Top of Excerpted data
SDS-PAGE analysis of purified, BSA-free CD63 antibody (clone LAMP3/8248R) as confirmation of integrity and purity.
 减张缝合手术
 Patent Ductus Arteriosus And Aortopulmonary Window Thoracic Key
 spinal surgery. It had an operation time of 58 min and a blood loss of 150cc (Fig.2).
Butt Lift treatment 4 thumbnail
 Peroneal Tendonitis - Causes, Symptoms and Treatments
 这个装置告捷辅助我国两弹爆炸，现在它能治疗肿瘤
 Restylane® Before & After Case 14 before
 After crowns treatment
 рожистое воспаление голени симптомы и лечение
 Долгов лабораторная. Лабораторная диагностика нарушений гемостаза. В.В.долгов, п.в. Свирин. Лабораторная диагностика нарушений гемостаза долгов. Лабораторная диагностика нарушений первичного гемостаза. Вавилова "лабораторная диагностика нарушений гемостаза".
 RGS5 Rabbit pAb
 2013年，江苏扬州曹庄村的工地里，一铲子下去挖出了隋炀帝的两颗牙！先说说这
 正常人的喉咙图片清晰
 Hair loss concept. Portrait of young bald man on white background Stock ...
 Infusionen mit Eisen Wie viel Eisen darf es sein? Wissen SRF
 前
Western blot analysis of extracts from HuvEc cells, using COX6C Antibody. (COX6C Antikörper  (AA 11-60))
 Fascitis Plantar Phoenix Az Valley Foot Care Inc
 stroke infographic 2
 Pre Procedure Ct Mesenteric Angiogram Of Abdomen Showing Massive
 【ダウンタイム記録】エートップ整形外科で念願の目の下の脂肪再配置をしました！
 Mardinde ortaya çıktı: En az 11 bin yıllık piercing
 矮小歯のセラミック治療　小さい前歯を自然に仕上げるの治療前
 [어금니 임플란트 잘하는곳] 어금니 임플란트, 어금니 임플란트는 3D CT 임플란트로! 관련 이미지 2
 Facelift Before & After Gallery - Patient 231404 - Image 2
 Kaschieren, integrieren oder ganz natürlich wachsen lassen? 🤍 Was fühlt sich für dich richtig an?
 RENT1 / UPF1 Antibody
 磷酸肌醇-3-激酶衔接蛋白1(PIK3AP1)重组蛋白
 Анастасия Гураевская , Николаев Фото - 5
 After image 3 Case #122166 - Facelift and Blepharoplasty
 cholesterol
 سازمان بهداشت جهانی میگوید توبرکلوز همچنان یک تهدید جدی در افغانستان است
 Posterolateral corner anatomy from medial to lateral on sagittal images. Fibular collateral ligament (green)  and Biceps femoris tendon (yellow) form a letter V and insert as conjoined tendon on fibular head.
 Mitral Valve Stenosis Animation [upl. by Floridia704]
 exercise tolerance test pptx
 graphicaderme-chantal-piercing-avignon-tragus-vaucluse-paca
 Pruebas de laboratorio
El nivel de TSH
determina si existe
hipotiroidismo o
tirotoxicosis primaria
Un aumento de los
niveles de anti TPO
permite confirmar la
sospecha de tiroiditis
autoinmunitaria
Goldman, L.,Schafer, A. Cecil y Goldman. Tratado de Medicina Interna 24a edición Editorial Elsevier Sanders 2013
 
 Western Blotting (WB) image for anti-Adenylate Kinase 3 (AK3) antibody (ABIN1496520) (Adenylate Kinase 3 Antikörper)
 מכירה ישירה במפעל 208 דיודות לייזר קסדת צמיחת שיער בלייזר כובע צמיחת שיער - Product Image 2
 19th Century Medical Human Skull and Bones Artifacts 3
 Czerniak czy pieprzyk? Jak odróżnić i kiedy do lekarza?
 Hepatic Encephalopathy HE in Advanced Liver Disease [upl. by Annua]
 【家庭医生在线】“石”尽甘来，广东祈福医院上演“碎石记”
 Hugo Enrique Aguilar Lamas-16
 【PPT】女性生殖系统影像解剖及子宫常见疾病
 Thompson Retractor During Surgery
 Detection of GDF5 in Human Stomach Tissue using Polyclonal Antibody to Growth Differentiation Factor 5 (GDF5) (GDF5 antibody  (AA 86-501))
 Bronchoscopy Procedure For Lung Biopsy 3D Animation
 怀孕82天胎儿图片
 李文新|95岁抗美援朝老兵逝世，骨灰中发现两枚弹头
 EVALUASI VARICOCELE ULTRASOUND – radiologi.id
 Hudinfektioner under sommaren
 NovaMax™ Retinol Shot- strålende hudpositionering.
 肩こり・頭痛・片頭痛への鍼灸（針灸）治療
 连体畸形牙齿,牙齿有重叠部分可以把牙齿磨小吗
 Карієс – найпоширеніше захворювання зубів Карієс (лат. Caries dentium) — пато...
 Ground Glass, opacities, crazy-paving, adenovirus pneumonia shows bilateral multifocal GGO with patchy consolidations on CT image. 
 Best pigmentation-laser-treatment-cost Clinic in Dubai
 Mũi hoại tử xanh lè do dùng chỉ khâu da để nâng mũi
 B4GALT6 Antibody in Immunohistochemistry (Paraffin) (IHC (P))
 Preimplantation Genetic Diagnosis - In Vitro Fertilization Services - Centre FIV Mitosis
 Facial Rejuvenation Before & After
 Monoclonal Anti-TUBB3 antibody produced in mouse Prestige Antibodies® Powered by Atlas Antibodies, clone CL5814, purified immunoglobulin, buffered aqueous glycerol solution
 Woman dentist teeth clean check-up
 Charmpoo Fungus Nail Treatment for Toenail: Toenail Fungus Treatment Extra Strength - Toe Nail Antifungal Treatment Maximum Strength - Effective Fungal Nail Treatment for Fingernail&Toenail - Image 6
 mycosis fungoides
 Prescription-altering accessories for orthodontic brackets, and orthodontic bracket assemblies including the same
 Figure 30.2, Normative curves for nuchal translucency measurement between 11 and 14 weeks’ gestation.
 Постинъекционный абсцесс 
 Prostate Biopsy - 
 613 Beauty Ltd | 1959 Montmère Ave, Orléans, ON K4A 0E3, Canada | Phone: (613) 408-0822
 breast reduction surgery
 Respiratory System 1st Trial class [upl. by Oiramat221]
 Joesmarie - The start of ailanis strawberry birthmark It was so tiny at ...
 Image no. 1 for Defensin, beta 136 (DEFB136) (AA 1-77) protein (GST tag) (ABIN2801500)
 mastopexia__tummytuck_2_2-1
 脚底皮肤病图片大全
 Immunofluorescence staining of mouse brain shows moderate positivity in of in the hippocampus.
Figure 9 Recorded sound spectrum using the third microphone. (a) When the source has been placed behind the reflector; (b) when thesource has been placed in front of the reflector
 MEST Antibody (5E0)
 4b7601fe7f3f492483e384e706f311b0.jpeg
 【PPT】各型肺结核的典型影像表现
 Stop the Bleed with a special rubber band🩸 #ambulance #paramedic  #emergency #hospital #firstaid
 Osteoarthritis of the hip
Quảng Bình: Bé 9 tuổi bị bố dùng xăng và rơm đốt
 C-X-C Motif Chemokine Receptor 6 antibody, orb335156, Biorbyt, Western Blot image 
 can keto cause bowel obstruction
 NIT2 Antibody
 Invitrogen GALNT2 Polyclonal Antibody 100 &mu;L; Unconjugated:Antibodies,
Bottom of Excerpted data
** What is expected **
Could you copy exactly the lines from the first line of the records above through the line containing "рожистое воспаление голени", both included, and nothing else?

** Task answer **
SDS-PAGE analysis of purified, BSA-free CD63 antibody (clone LAMP3/8248R) as confirmation of integrity and purity.
 减张缝合手术
 Patent Ductus Arteriosus And Aortopulmonary Window Thoracic Key
 spinal surgery. It had an operation time of 58 min and a blood loss of 150cc (Fig.2).
Butt Lift treatment 4 thumbnail
 Peroneal Tendonitis - Causes, Symptoms and Treatments
 这个装置告捷辅助我国两弹爆炸，现在它能治疗肿瘤
 Restylane® Before & After Case 14 before
 After crowns treatment
 рожистое воспаление голени симптомы и лечение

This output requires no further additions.